Adding to farmers’ pain is that South Africa imports most of its fertiliser — about 80% — from countries such as Saudi Arabia, Qatar, Oman, Russia and China.

The real challenge is that we sit with food on shelves that’s priced out of reach, implying that food cost is so high that general consumers won’t be able to afford it.

—  Jolanda Andrag, COO of AgriSA

Disruptions to shipping routes linked to the war are pushing up prices just as the winter farming season gets under way.

“South Africa is an arid country … with only 14% of arable land…. So from a productive perspective … if you do not use fertiliser, you will run into lower yields,” Andrag said.

Winter cereal producers will start to plant in mid-April. In the Western Cape an estimated 13,048,480 litres of fuel will be used for planting, she said. In the north of the country, harvesting of summer crops will start in a week or two and could take up as much as 98,208,721 litres of diesel.

Rising input costs and logistical delays could reduce yields, raise food prices and squeeze margins across the sector, said Sanele Nkosi, head of agriculture at BDO South Africa.

“For farmers, it’s not always easy to pass on those costs to the consumer.
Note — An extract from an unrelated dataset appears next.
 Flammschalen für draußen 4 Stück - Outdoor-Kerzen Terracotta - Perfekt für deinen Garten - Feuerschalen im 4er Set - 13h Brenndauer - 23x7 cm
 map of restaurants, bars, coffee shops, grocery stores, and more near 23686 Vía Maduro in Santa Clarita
They will try, but ultimately, the biggest player who can impact that is the retailers. Farmers feeling this pinch are going to have to try and react,” he said.

“These are things that will be considered by every single farmer that’s operating in the country, especially the small-scale farmers, because they are obviously going to be impacted quite heavily from a cash flow perspective.

“Agriculture relies on quite a long lead time of planning: six to 12 [or] 18 months. So if you are planning your planting cycles six, 12, 18 months in advance, you are also planning your cash flow requirements in line with that, and a massive 30% increase in your input costs is going to impact how you are going to plan the rest of your season going forward.”